くしゃみとルービックキューブ

1.

声はたいがい愚痴が多い。うるさい、とか、面倒臭い、とか、あとはうんざりしたような感じのうめきや、言葉にならない絶望感。楽しそうだったり明るかったりしたためしがない。

声はいつも湿っぽく、たまに悲痛だったりする。だから洋一は気になってしまう。一体この人はどういう毎日を送っているのだろう? と。実際に、声の主が存在するとしての話だが。

「ほら、ここ押してみ?」

岳也が洋一の腕をつついた。言われた通り、洋一はXのキーを押した。

クッシャン。少し甲高いくしゃみがスピーカーから飛びだした。明らかに女性のくしゃみだ。

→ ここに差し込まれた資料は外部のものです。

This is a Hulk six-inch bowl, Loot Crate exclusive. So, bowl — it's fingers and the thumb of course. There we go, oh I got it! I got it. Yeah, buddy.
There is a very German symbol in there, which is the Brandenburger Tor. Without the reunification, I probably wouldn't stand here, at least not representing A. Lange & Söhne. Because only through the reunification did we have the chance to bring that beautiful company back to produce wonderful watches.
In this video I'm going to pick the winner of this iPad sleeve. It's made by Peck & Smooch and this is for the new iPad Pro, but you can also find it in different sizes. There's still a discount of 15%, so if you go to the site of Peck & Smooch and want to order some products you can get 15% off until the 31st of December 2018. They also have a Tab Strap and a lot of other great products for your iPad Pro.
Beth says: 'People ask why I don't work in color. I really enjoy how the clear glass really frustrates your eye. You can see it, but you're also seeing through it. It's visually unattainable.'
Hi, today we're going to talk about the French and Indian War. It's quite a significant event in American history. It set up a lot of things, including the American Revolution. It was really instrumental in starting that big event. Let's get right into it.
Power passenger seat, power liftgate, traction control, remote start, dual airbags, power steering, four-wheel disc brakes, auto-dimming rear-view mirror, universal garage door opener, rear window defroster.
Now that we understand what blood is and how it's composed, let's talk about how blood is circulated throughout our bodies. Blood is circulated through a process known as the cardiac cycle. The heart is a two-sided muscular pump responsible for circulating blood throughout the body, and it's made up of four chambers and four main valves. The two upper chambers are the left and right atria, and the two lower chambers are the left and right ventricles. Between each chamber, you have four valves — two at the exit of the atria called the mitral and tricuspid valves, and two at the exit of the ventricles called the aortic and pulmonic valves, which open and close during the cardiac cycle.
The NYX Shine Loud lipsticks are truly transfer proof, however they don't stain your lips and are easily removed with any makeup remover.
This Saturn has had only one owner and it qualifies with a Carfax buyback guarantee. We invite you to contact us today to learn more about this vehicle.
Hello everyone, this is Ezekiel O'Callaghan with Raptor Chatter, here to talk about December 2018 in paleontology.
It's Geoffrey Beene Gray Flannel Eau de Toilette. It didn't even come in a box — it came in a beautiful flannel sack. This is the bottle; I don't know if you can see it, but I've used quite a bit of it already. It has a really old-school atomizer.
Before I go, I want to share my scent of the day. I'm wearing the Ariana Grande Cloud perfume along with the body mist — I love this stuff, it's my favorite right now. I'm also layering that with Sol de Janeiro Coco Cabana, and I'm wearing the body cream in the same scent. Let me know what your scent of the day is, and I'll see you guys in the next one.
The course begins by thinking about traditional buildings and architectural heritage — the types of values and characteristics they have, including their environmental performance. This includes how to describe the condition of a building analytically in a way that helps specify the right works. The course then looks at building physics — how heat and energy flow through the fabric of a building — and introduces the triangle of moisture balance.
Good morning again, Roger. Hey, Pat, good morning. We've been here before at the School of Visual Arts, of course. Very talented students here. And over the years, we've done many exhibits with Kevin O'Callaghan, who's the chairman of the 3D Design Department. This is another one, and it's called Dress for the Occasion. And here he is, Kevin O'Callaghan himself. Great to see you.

驚いて、洋一は「おう」と声をあげる。まるでスピーカーがくしゃみをしたみたいだ。

「これが一番最近録ったやつ。登戸の南武線のホームで録った」
「もう一回押してみてもいいですか」
「いいよ」

洋一は再びXのキーを押した。クッシャン。やっぱりスピーカーがくしゃみをしたように聞こえる。なんだか不思議な感じだ。

無機質な物から飛びだす、人間臭い音。面白くなって、洋一は続けざまにキーを押した。

クッシャンクッシャンクッシャン、ククククッシャン。

「ははっ、面白い!」
「これはラのキーだ。かなり高音の部類に入る」

真面目な顔で岳也は説明する。

「音階順に並べたのがこれだ」

画面に出ているト音記号を岳也がクリックすると、くしゃみで構成された微妙なドレミファソラシドが始まった。洋一は笑いが止まらない。すっかりツボに入ってしまった。